Parmi les voix critiques, celle de l'abbé André Latyr Ndiaye, curé de la paroisse de l'île de Gorée, avait particulièrement retenue l'attention. Dans une lettre ouverte publiée dans les colonnes du ‘’Quotidien’’, l'abbé Ndiaye a vivement réagi aux propos du Premier ministre. ‘’Mon cher jeune politique nouvellement promu !’’, avait-il ironisé. ‘’Vous avez été élu pour le combat contre la vie chère, contre la pauvreté, contre le chômage des jeunes, mais pas pour le combat pour Dieu, le combat pour un signe religieux’’. Le ton peu œcuménique de la missive a enflammé les réseaux sociaux et engendré des réactions en cascade. Certains ont vu dans cette lettre une défense légitime des droits des établissements catholiques, tandis que d'autres l'ont perçue comme une attaque contre les musulmans.

Face à ces risques, de nombreux acteurs appellent à une pédagogie et à un dialogue apaisé pour éviter une crise. ‘’Il faut une vraie pédagogie pour expliquer les règles et les enjeux à tous les acteurs concernés : élèves, parents, enseignants et responsables religieux’’, a déclaré un représentant d'une association de défense des Droits de l'homme. ‘’Le but est de trouver un équilibre entre le respect des convictions religieuses et les besoins éducatifs’’.

Les autorités éducatives, les responsables religieux et les acteurs de la société civile ont un rôle crucial à jouer pour éviter que des incidents comme celui survenu à Saint Gabriel dégénèrent en conflit ouvert.
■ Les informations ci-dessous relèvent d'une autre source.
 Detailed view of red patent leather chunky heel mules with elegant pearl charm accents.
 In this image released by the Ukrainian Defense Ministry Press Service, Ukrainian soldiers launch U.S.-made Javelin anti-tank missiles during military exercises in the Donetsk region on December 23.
En rappelant les valeurs de tolérance et de coexistence qui fondent la République sénégalaise, ils peuvent contribuer à apaiser les tensions et à renforcer l'unité nationale.

Dans un monde de plus en plus polarisé, le Sénégal à l'opportunité de montrer la voie en matière de dialogue interreligieux et de gestion pacifique des différences.